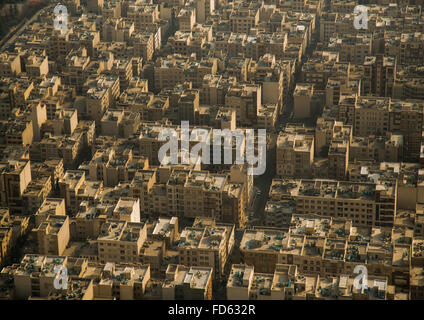 Vista della città dalla cima della torre di Milad, distretto centrale, Teheran, Iran Foto Stock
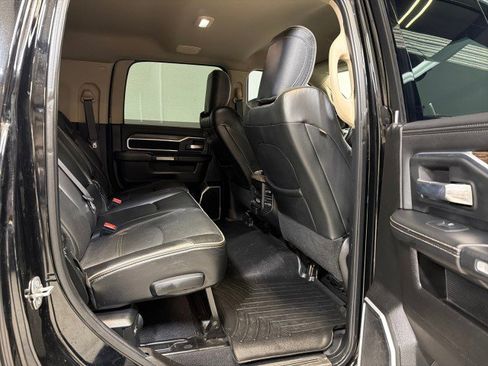 Used 2019 RAM 2500 Laramie image 41
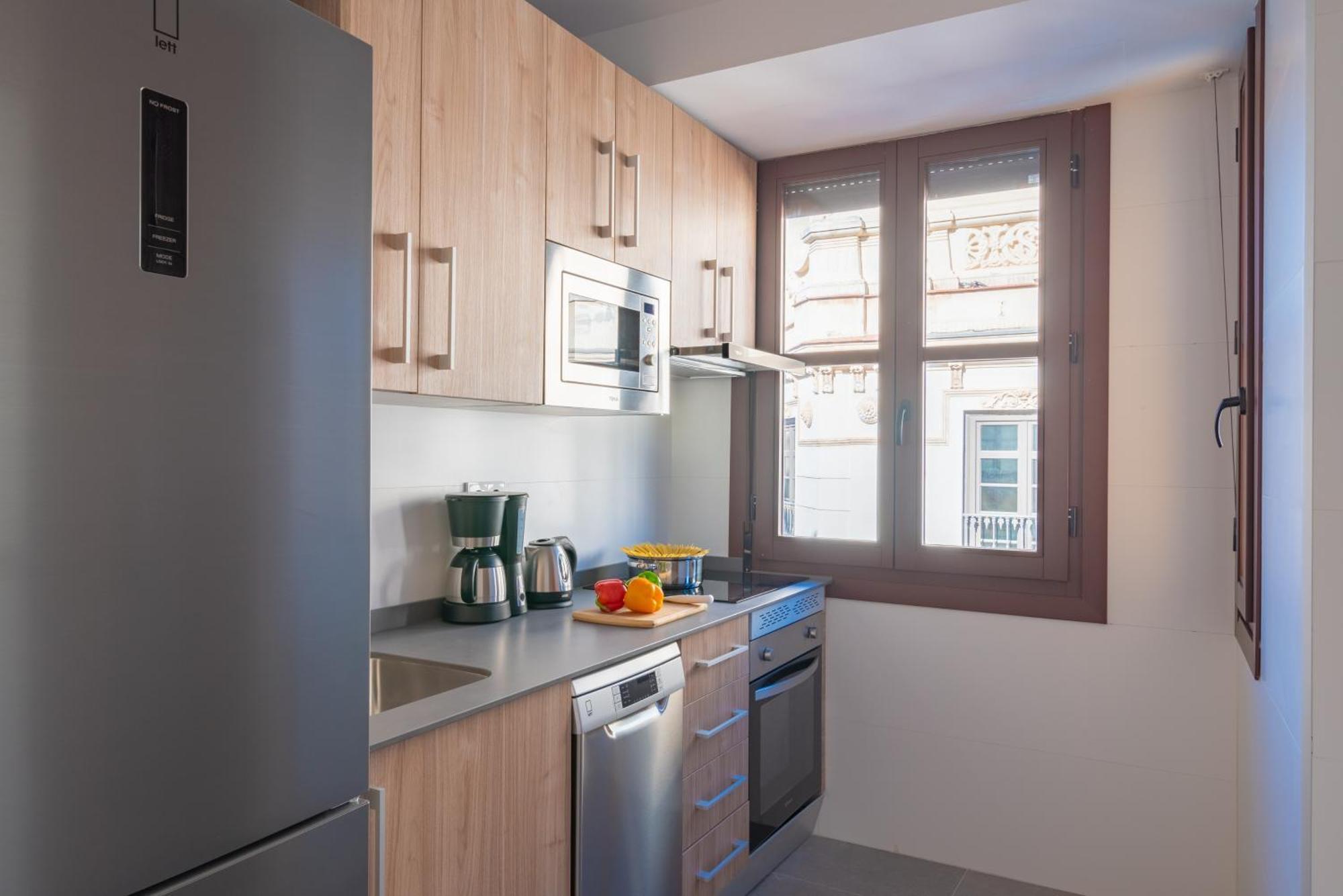 Feelathome Atarazanas Apartments Malaga Ngoại thất bức ảnh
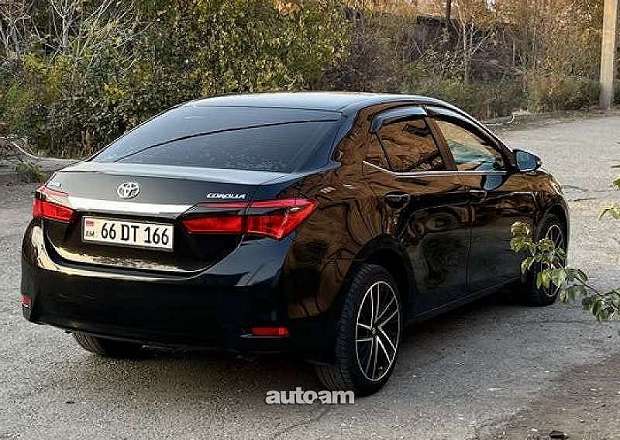 Toyota Corolla 2015 — photo 2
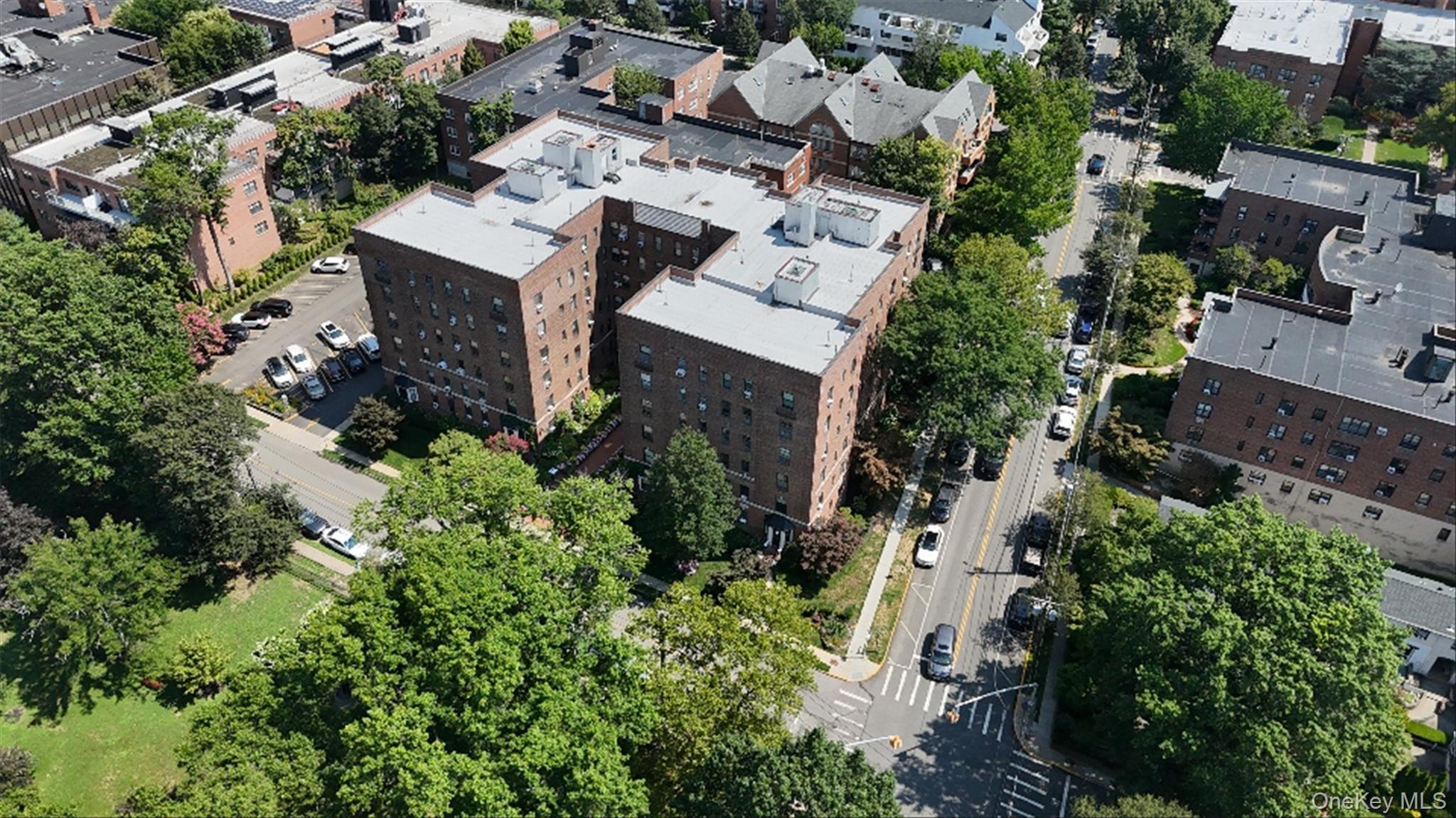 21 Barstow Road # 3E, Great Neck, NY 11021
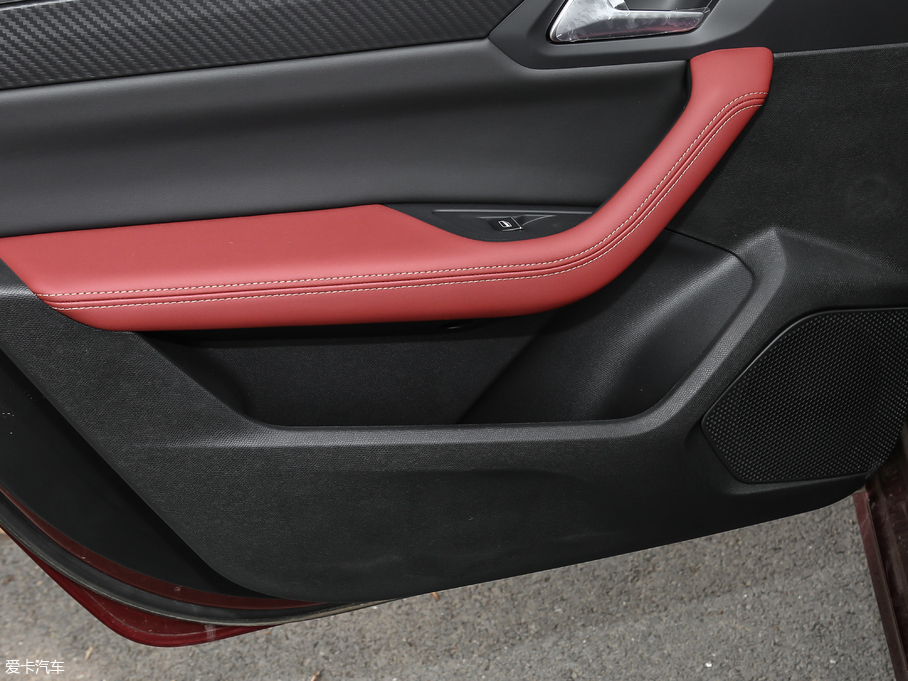 2019508L 400 THP PureTech XP˰  VI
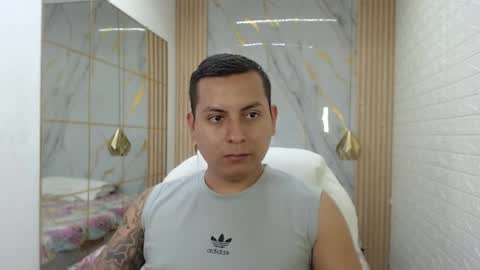 vanessa online show from June 19, 2026, 7:06 pm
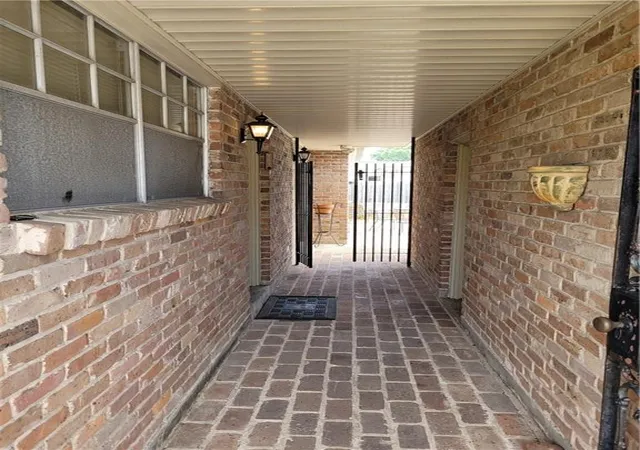 Homes for sale in Metairie, LA | 3701 N Labarre Rd, Metairie, LA 70002 | MLS# 2564929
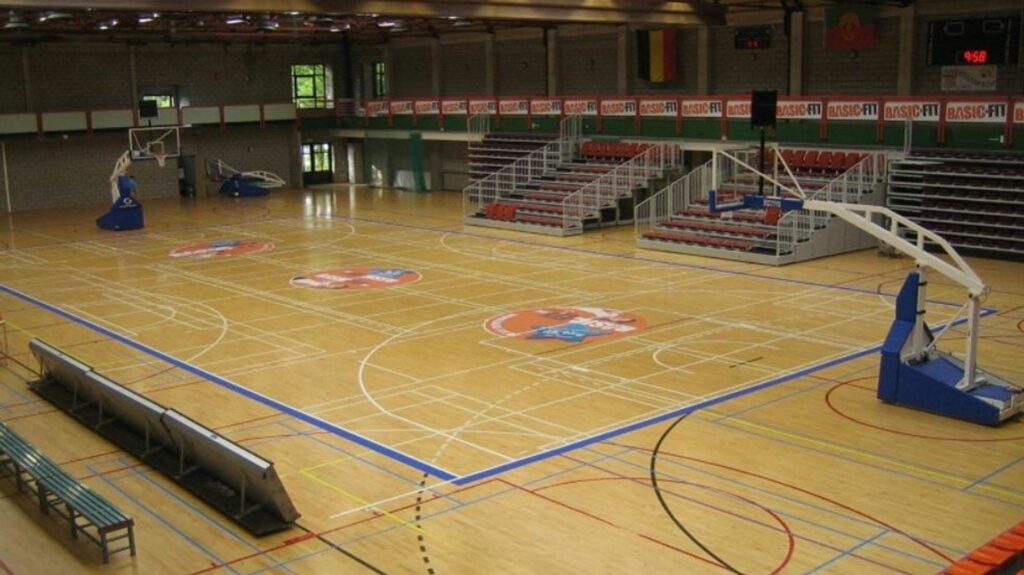"C’est impossible à absorber": face à la hausse des tarifs d’occupation des infrastructures sportives de la Ville de Bruxelles, les clubs s’indignent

**REQUIRED WORK:**
Please return exactly the lines from the one containing "vanessa online show" through the end of the material above, both ends included, but not the pictures.

**SOLUTION FOR THIS EXERCISE:**
 vanessa online show from June 19, 2026, 7:06 pm
 Homes for sale in Metairie, LA | 3701 N Labarre Rd, Metairie, LA 70002 | MLS# 2564929
"C’est impossible à absorber": face à la hausse des tarifs d’occupation des infrastructures sportives de la Ville de Bruxelles, les clubs s’indignent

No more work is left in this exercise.